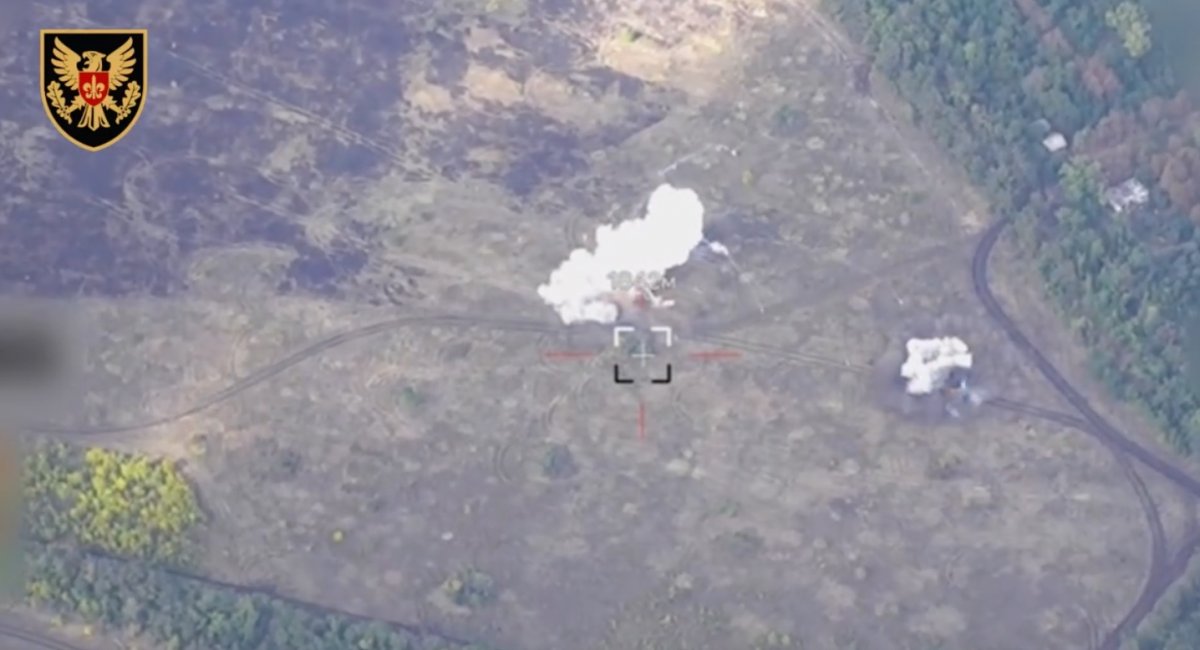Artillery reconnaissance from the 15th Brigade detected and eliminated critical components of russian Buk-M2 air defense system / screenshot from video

——

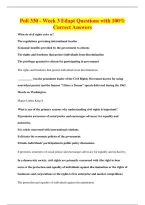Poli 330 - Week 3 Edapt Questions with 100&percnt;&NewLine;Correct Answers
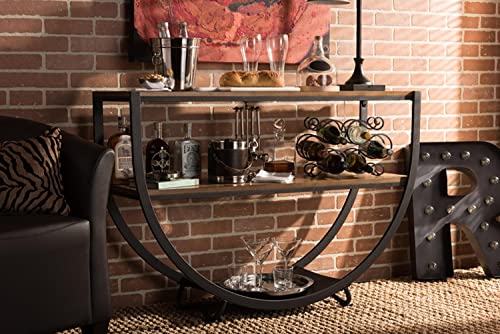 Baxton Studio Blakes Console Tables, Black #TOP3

——

## [Activity]
Everything between and including the line above containing "Poli 330 - Week" and the line containing "Baxton Studio Blakes" should be reproduced exactly, with pictures excluded.

## [Task output]
Poli 330 - Week 3 Edapt Questions with 100&percnt;&NewLine;Correct Answers
 Baxton Studio Blakes Console Tables, Black #TOP3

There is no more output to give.